An intermediate category of housing to bridge the gap between HDB flats and private condominiums was introduced in 1995. Called executive condominiums, these units offer the standard of private condominium living but at lower prices even though they are built and sold by private developers. The reselling of such units is subject to certain restrictions, which are lifted only after a minimum occupation period of ten years.
Shortly after independence, Singapore faced a serious problem of housing shortages. In response, the government passed the Housing and Development Act of 1960 which replaced the existing Singapore Improvement Trust with the Housing and Development Board. The very first priority during formation was to build as many low-cost housing units as possible. Through the years, the emphasis of its housing programmes has shifted from quantity of housing to quality of life. Beyond the flat itself, there is now also more attention given to the overall quality of the housing estate in terms of the amenities provided, aesthetic appeal and visual identity.
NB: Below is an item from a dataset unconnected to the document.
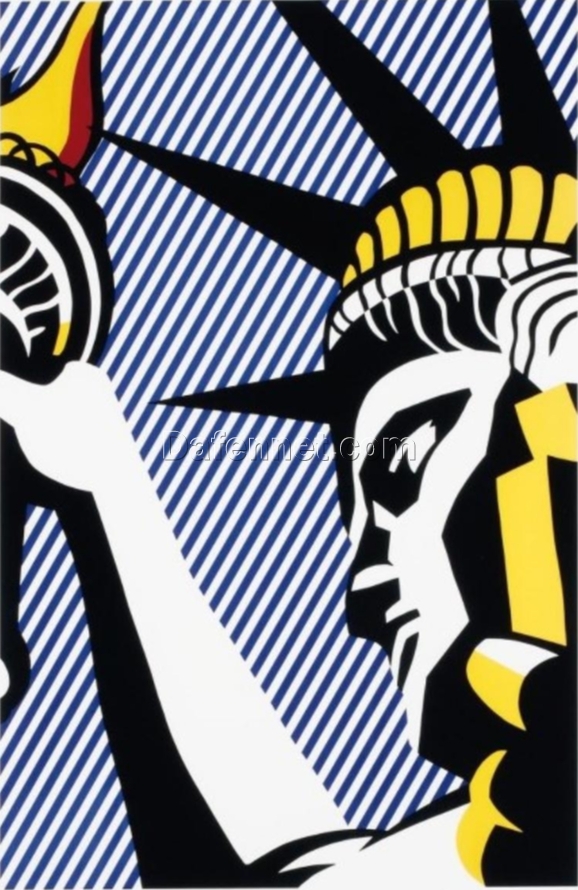 Authentic – Style ‘I Love Liberty’ Oil Painting in Roy Lichtenstein’s Manner – Handmade in Dafen Village for Pop Art Enthusiasts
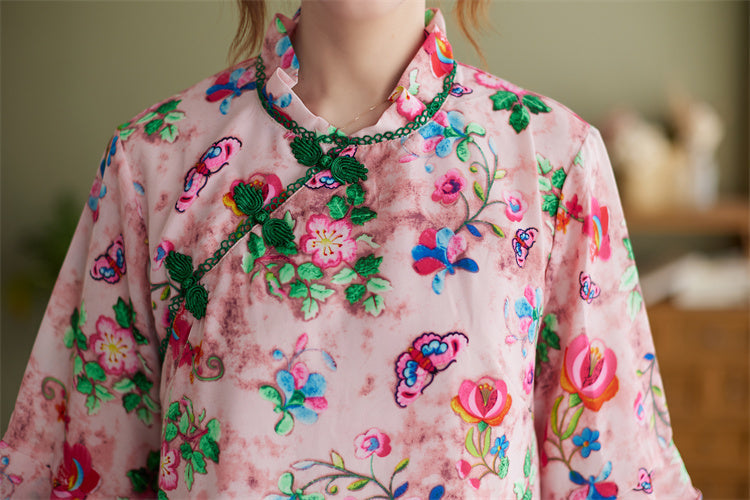 Plus Size Floral Chiffon Cheongsam Dress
In 1968, citizens were allowed to use their pension fund (Central Provident Fund) to purchase and own the homes they were renting to give them a stake of the country and as an incentive to work hard. In 1980, a quota was introduced to ensure that no particular racial group concentrated together to prevent sectarianism. There must be a certain ratio of ethnicity within the HDB blocks, and any move-in or move-out must adhere to this policy.
In the 1990s, the HDB concentrated on the upgrading of existing older flats, installing new facilities such as lifts that stop on every floor. The first programme, called the main upgrading programme, was launched in 1990. Under this programme, improvement works are carried out within the flat and at the block and precinct levels. In 1995, HDB launched the selective en-bloc redevelopment scheme, which involves the demolition of entire blocks for redevelopment. Smaller-scale programmes have also been developed since 1990 to bring the benefits of upgrading to more residents. These include the home improvement programme launched in 2007 that targets common maintenance problems within the flat such as spalling concrete and ceiling leaks.
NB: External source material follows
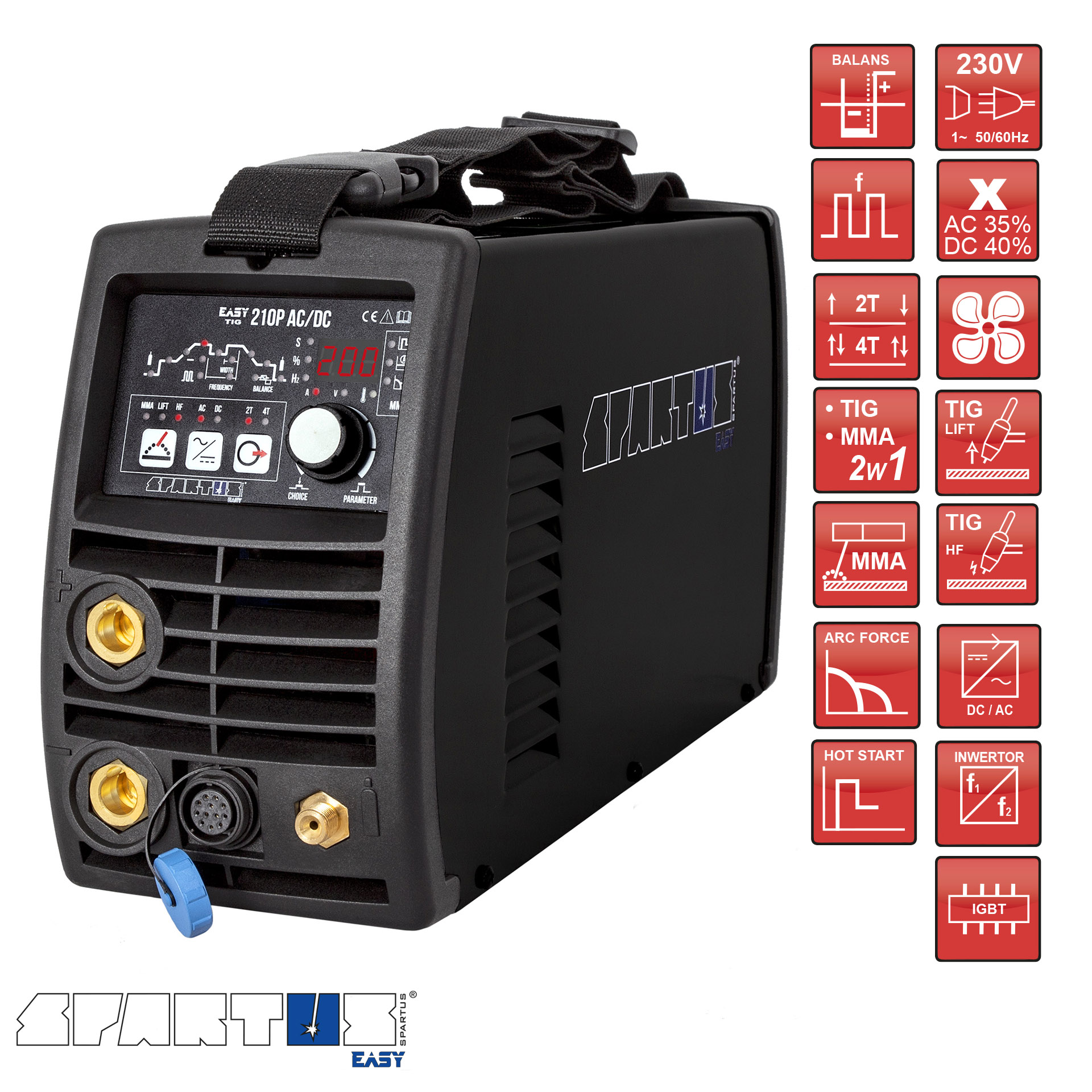 Tig keevitusseade Spartus EasyTIG 210P AC/DC Pulse - Pilt 2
Ownership in public housing is limited to a 99-year lease. Size is usually denoted by the terms such as four-room, five-room or similar, and is based on the number of bedrooms in addition to the living room but newer five-room apartments come with only three bedrooms and a dining room. The largest HDB flats (in terms of floor area) ever built are two-storey Executive Masionettes built in the 1990s which can have floor area ranging from 160 - 190 m².